# Solar energy

1. Sep 26, 2004

### chound

Is it possible to have solar panels one over the other with little space between them to get 10 panel stacked structures to increase the amount of solar energy absorbed?

There are four solar panels. Another 4 on top of them leaving some space between this four and the bottom four. In the junction where the 4 panels join if we have a concave lens of very small focal length. This will make the sun rays to converge at f. Now we take a convex lens and fix it in such a way that the its focus will lie on the focus of the concave lens. The convex lens will make the lightrays diverge and this can be made to fall on the 4 solarpanels below.
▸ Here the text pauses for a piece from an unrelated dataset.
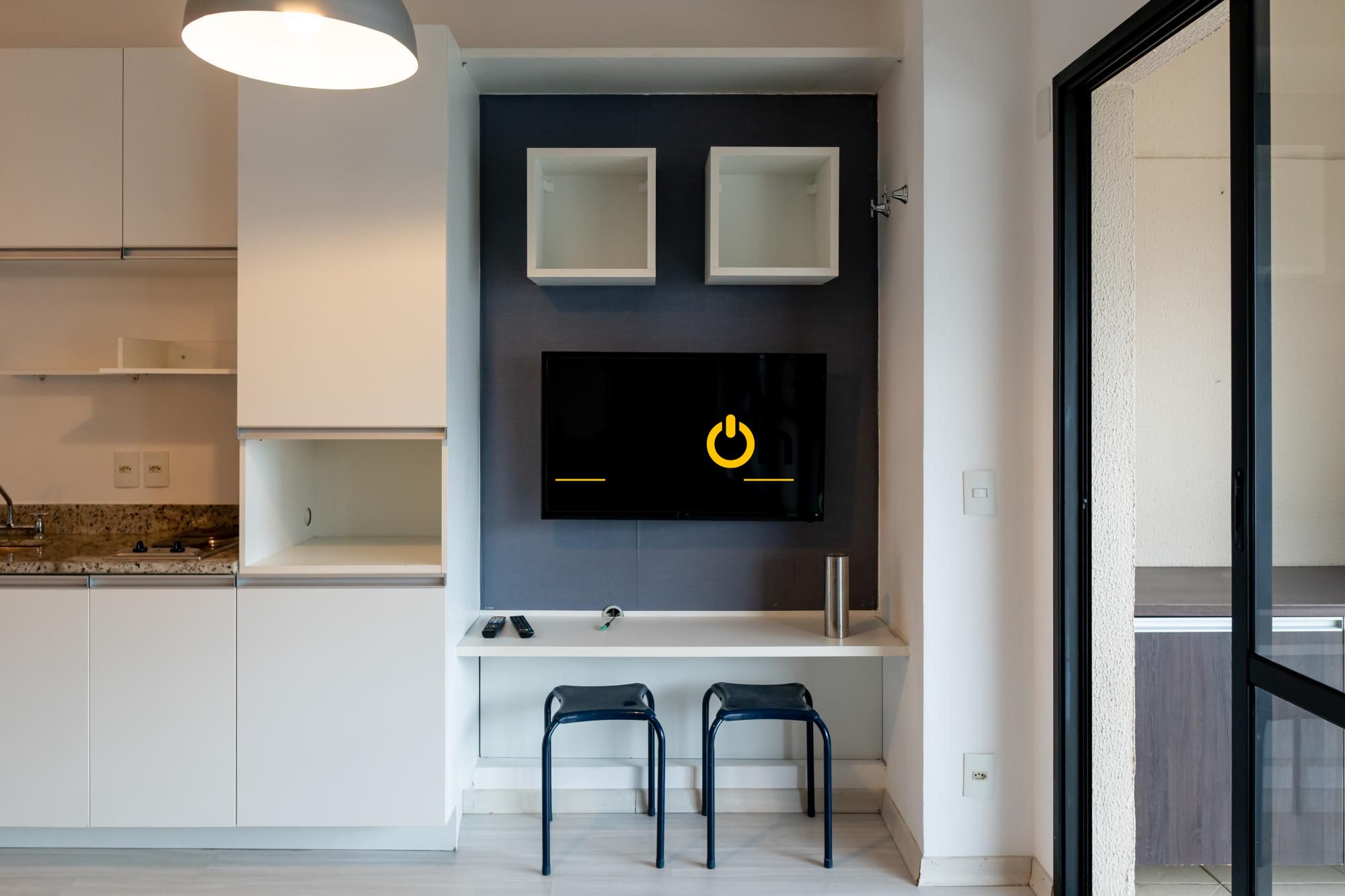ALUGA - Apartamento Mobiliado 1 dormitorio no Bairro Republica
Is this possible? :surprised

Next:
Can we make transparent solar cells?

2. Sep 27, 2004

I got a bit lost on the first bit of your question...

However, why would you want transparent solar cells? If the solar cells absorb the incident radiation, there is nothing left to 'go through' them.

3. Sep 27, 2004

### LURCH

Possible, yes. Useful, not.

If you leave the gap between one layer of solar panels, and use this get to allow sunlight pass-through to a second layer of solar panels, the amount of energy collected by the second layer of solar panels will be about as much (though not quite as much) as would have been trapped if you had simply closed the gap in the first layer with more solar panels.

4. Sep 27, 2004

### chound

But we are using lenses to spread sun light over all the panels so wont it increase the energy absorbed?

5. Sep 27, 2004

### False Prophet

It's the same ammount of light no matter how it's spread out. Grab a flashlight and see. As you spread the light out, you'll notice it's not appearing as bright as when it's more focused, though it does cover more surface area.

6. Sep 28, 2004

### Nereid

Staff Emeritus
A more interesting arrangement might be one in which some wavelengths are absorbed in one layer (generating electricity), which is transparent to other wavelengths, which are then absorbed in another layer (different mechanism). IIRC, one type of solar cell works somewhat like this.

Also, why not put a mirror on the bottom of the cell? That way any 'absorbable' light which wasn't has another chance to be absorbed ... on the way up.

7. Sep 28, 2004

### aekanshchumber

Try every thing with the solar panels just keep in mind, its face must recive proper sun light properly.